Selecting Subjects for Survey Research…

Sampling (Selecting Subjects)...

The main purpose of survey research is to describe the characteristics of a population. This is usually accomplished by collecting data from a sample. Therefore, the first step in sampling is to define the population.

POPULATION–> The population is the group consisting of all people to whom we (as researchers) wish to apply our findings. lf we were interested in the reading level of 3rd graders in Connecticut, the population would be all third graders in Connecticut. The data (information) we collect from populations are called PARAMETERS and are said to be DESCRIPTIVE. We label the number of subjects (observations) in a population with an upper case N (N=300).

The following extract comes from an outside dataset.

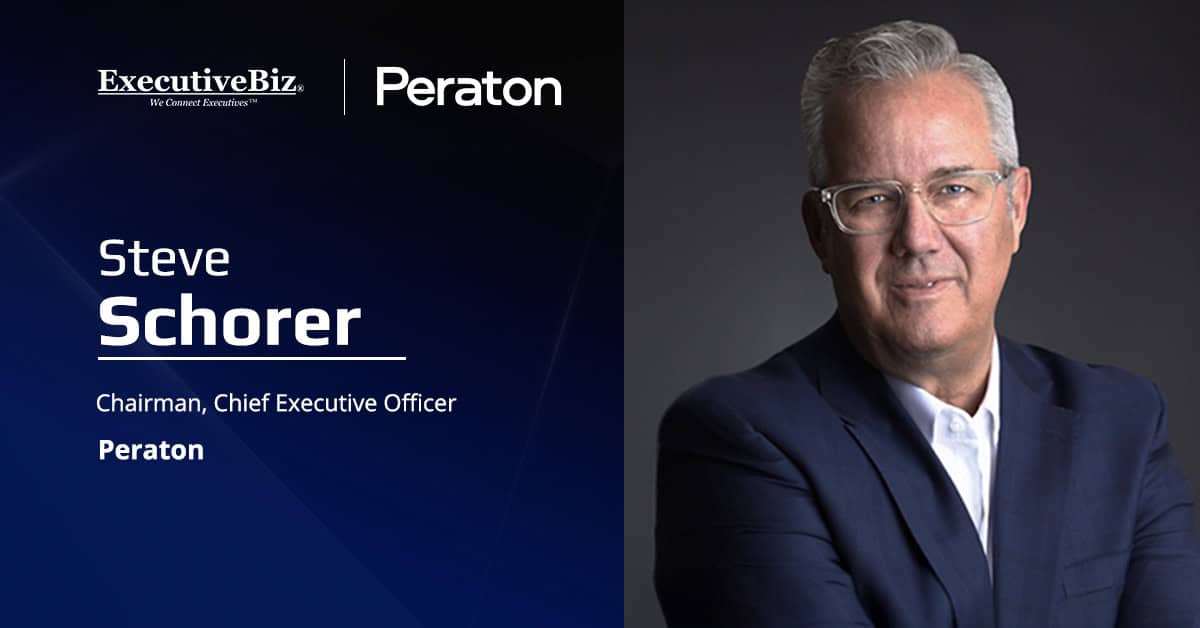Steve Schorer, chairman and CEO of Peraton. Schorer commented about Peraton's CMMC Level 2 certification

The first step in sampling is to define the population (3rd graders in Connecticut). The actual population to whom the researcher wishes to apply his or her findings is called the TARGET population. Often the TARGET population is not available, and the research must use an ACCESSIBLE POPULATIONS. In this case, the researcher can only apply (generalize) his or her findings to that group.

SAMPLE–> Subsets of people are usually used to conduct studies. These subsets are called samples. The samples are used to represent the population from which they were drawn. The data we collect from samples are called STATISTICS and are said to be INFERENTIAL (because we are making inferences about the POPULATION with data collected from the SAMPLE). We label the number of subjects (observations) in a sample with a lower case n (n=25).

Statistics are used to effectively communicate numerical information to other people. In statistics we are…

  • …Looking at RELATIONSHIPS among (between) characteristics (i.e., salary & job satisfaction; food consumption & energy) — Correlation Research (which we study in a different unit) is an example of research involving relationships.
  • …Looking at DIFFERENCES between (among) groups (i.e., males & females; experiment & control) — Experimental Research (which we study in a different unit) is an example of research that looks at differences.
  • …Looking to DESCRIBE the characteristics of the population from data collected from a sample — Survey Research.   The two major types of surveys are cross-sectional survey and longitudinal survey (trend, cohort, and panel studies).

Inferential statistics are used to determine how likely it is that characteristics exhibited by a sample of people are an accurate description of those characteristics exhibited by the population of people from which the sample was drawn.

The term statistically significant (p < .05) is used merely as a way of indicating the chances are at least 95 out of 100 that the findings obtained from the sample of people who participated in the study are similar to what the findings would be if one were actually able to carry out the study with the entire population. In other words, with p<.05 we believe that if we repeated our study 100 times with different samples from a population where there really was no difference (or relationship), that the results we found with our sample would occur just by chance less than 5 in 100 times.

The first step in selecting a sample is to define the population to which one wishes to generalize the results of a study. Unfortunately, one may not be able to collect data from his or her TARGET POPULATION. In this case, an ACCESSIBLE POPULATION is used. If the latter is used, care must be taken not to generalize beyond the ACCESSIBLE POPULATION.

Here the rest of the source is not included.